Infirmation 3 décembre 2025
Commentaire • 0
Sur la décision
| Référence : | CA Bastia, ch. civ. sect. 2, 3 déc. 2025, n° 25/00338 |
|---|---|
| Juridiction : | Cour d'appel de Bastia |
| Numéro(s) : | 25/00338 |
| Importance : | Inédit |
| Décision précédente : | Tribunal de grande instance d'Ajaccio, 13 mai 2025, N° 23/06 |
| Dispositif : | Autre |
| Date de dernière mise à jour : | 17 décembre 2025 |
| Lire la décision sur le site de la juridiction |
Texte intégral
Chambre civile
Section 2
ARRÊT N°
du 3 DÉCEMBRE 2025
N° RG 25/338
N° Portalis DBVE-V-B7J-CLDB JJG-C
Décision déférée à la cour : ordonnance référé, du président du tribunal judiciaire d’Ajaccio, décision attaquée du 13 mai 2025, enregistrée sous le n° 23/06
[A]
C/
[Z]
[V]
CONSORTS [P]
[O]
[T]
[F]
S.A.S. A.SAULI ET CIE
Copies exécutoires délivrées aux avocats le
COUR D’APPEL DE BASTIA
CHAMBRE CIVILE
ARRÊT DU
TROIS DÉCEMBRE DEUX-MILLE-VINGT-CINQ
APPELANTE :
Mme [W] [A] épouse [N]
née le 26 septembre 1930 à [Localité 4] (Corse)
[Adresse 13]
[Adresse 13]
[Adresse 13]
[Localité 1]
Représentée par Me Philippe JOBIN de la SCP RENÉ JOBIN PHILIPPE JOBIN, avocat au barreau de BASTIA et Me Marie LESSI, avocate au barreau d’AIX-EN-PROVENCE
INTIMÉS :
M. [S] [Z]
né le 23 juillet 1966 à [Localité 9] (Bouches-du-Rhône)
[Adresse 15]
[Adresse 15]
[Localité 2]
Représenté par Me Louis BUJOLI, avocat au barreau d’AJACCIO
Mme [U] [V] épouse [I]
née le 1er novembre 1952 à [Localité 11] (Corse)
[Adresse 7]
[Localité 4]
Représentée par Me Louis BUJOLI, avocat au barreau d’AJACCIO
M. [Y] [P]
né le 25 septembre 1965 à [Localité 1] (Corse)
[Adresse 10]
[Localité 4]
Représenté par Me Louis BUJOLI, avocat au barreau d’AJACCIO
M. [E] [P]
né le 11 août 1971 à [Localité 2] (Corse)
[Adresse 5]
[Localité 3]
Représenté par Me Louis BUJOLI, avocat au barreau d’AJACCIO
M. [L], [D] [O]
né le 14 octobre 1957 à [Localité 1] (Corse)
[Adresse 8]
[Localité 4]
Représenté par Me Louis BUJOLI, avocat au barreau d’AJACCIO
Mme [G], [H] [T]
née le 9 septembre 1960 à [Localité 2] (Corse)
[Adresse 12]
[Localité 2]
Représentée par Me Louis BUJOLI, avocat au barreau d’AJACCIO
M. [S], [J] [F]
né le 31 mars 1959 à [Localité 1] (Corse)
[Adresse 6]
[Localité 4]
Représenté par Me Louis BUJOLI, avocat au barreau d’AJACCIO
S.A.S. A.SAULI ET CIE
prise en la personne de son représentant légal en exercice, domicilié ès qualités audit siège
[Adresse 14]
[Localité 4]
Représentée par Me Stéphane RECCHI de la SCP MORELLI MAUREL ET ASSOCIÉS, avocat au barreau d’AJACCIO
COMPOSITION DE LA COUR :
En application des dispositions de l’article 805 du code de procédure civile, l’affaire a été débattue à l’audience publique du 4 septembre 2025, devant Jean-Jacques GILLAND, président de chambre, chargé du rapport, les avocats ne s’y étant pas opposés.

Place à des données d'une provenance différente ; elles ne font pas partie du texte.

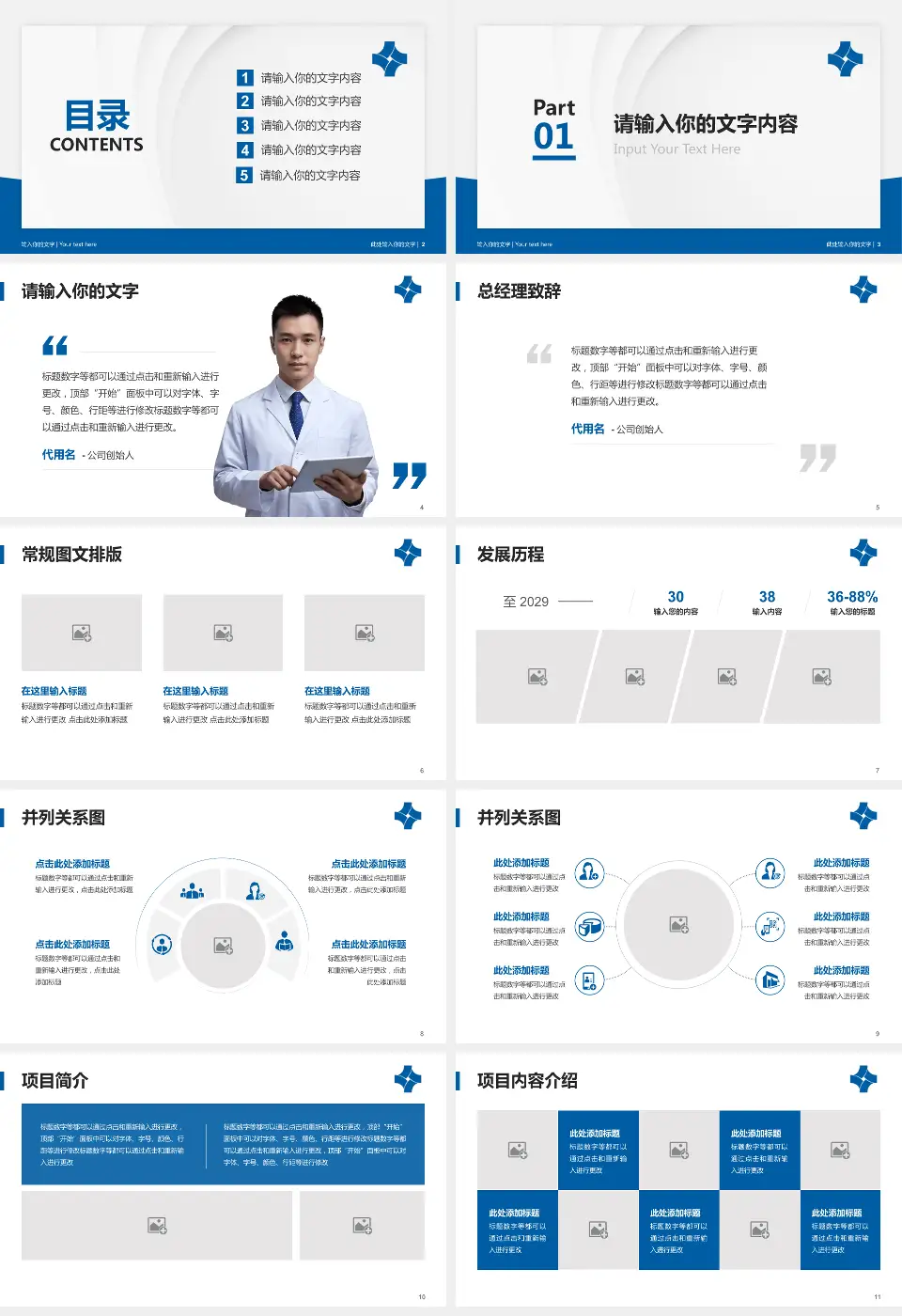 潮阳区大峰医院医院管理报告PPT模板16:9格式幻灯片预览图2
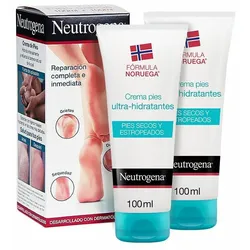 Feuchtigkeitsspendende Fusscreme Neutrogena Trockene Haut (2 x 100 ml)
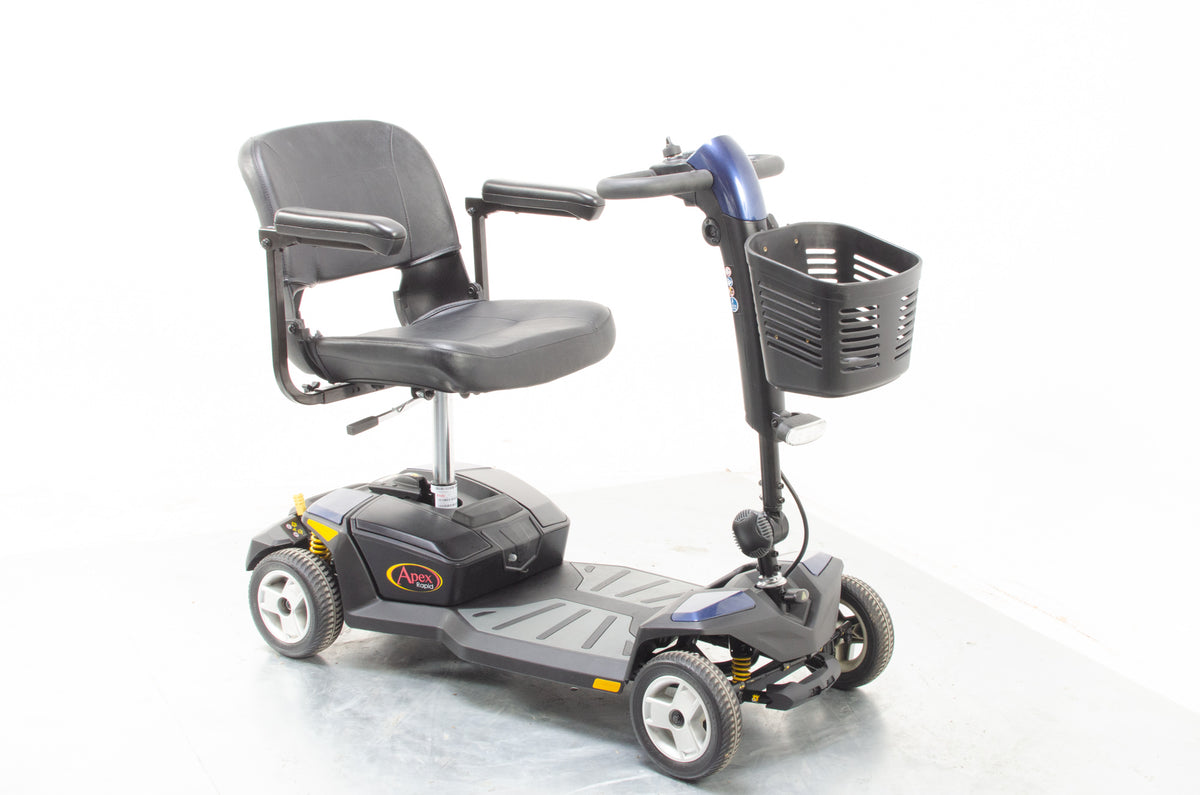 Pride Apex Rapid Used Electric Mobility Scooter Small Transportable Suspension Boot Portable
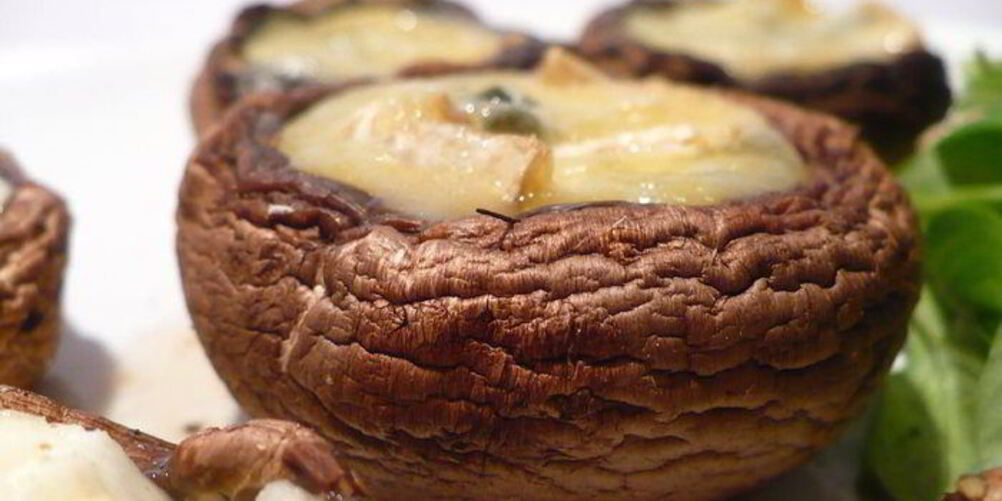 Рецепт запеченные фаршированные шампиньоны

Ce magistrat a rendu compte des plaidoiries dans le délibéré de la cour, composée de :
Jean-Jacques GILLAND, président de chambre
Guillaume DESGENS, conseiller
François DELEGOVE, vice-président placé
En présence de [M] [C], attachée de justice
GREFFIER LORS DES DÉBATS :
Mathieu ASSIOMA
Les parties ont été avisées que le prononcé public de la décision aurait lieu par mise à disposition au greffe le 3 décembre 2025
ARRÊT :
Contradictoire.
Prononcé publiquement par mise à disposition au greffe de la cour, les parties en ayant été préalablement avisées dans les conditions prévues au deuxième alinéa de l’article 450 du code de procédure civile.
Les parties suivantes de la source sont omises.